Jan 17, 2013 at 10:13 PM
Edited Jan 17, 2013 at 10:18 PM


Okay, so I'm doing a data crawl on Twitter, and it's been going on for days.  It's at some 2,200 pages of downloads right now, and it's still going.  Is there any way to stop the crawl without losing the collected data so far?  Usually when it's been going for a few days, it'll either stop on its own and offer a partial data extraction, or the whole system crashes, and I have nothing.

Is there an in-between way of salvaging what's been captured without waiting to see if it stops on its own or crashes? 


Is there a natural limit on a crawl?  Is it about 80,000 nodes the top end?  And if so, where are the limits coming from?  Is it my computer that's the limiting factor? The social media platform? The NodeXL software? 


Is there a way to pause a crawl to save the data, so there is an intermediate point of data collection beyond which one would not lose the data? (Excel's automatic backup does not seem to work when using NodeXL to do a data crawl.)  

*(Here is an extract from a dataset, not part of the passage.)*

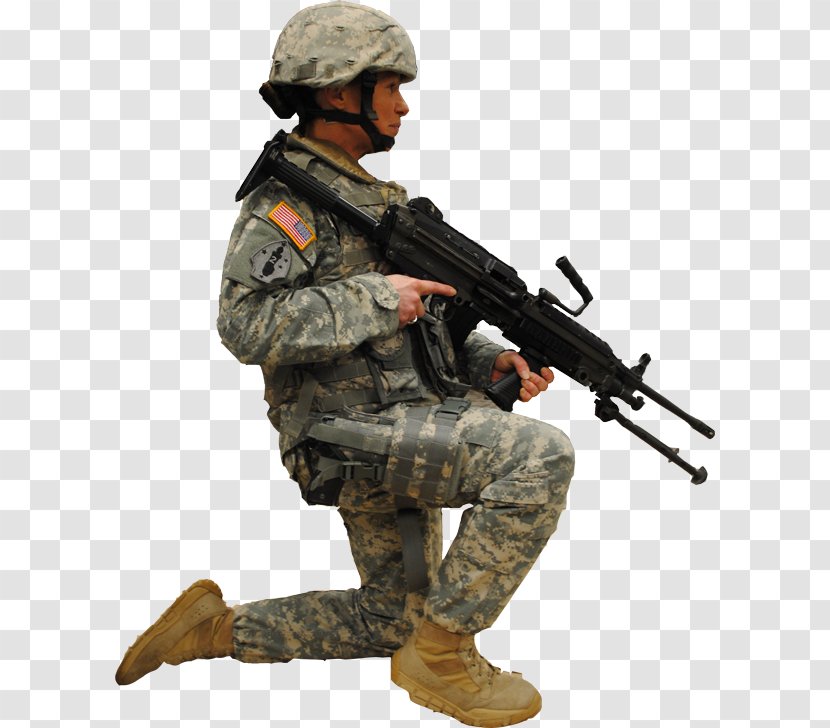 Soldier Army Military Infantry United States - Frame - Cartoon Transparent PNG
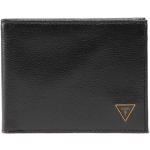 Pánske Luxusné peňaženky Guess čiernej farby v zľave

On a side note, is it ever possible to know at the beginning of a data crawl how long it might take, or does the computer only know to grab the next thing and not have a sense of the totality of its task?  (And if the computer can know, is there a way to throw that information up for the user?)

Jan 18, 2013 at 6:32 AM


To answer your specific questions:

1. There is no in-between way of salvaging what's been captured so far.

2. When asking for follows relationships with "Limit to X people" unchecked, there is no "natural" limit on a crawl.  NodeXL asks Twitter for all the followers and doesn't stop until Twitter says, "that's all."

3. There is no way to pause a crawl.

4. It's theoretically possible for us to look at the number of followers each person has and estimate how long it might take to get all of them, but we're not doing that right now.  I can see how that information might be useful.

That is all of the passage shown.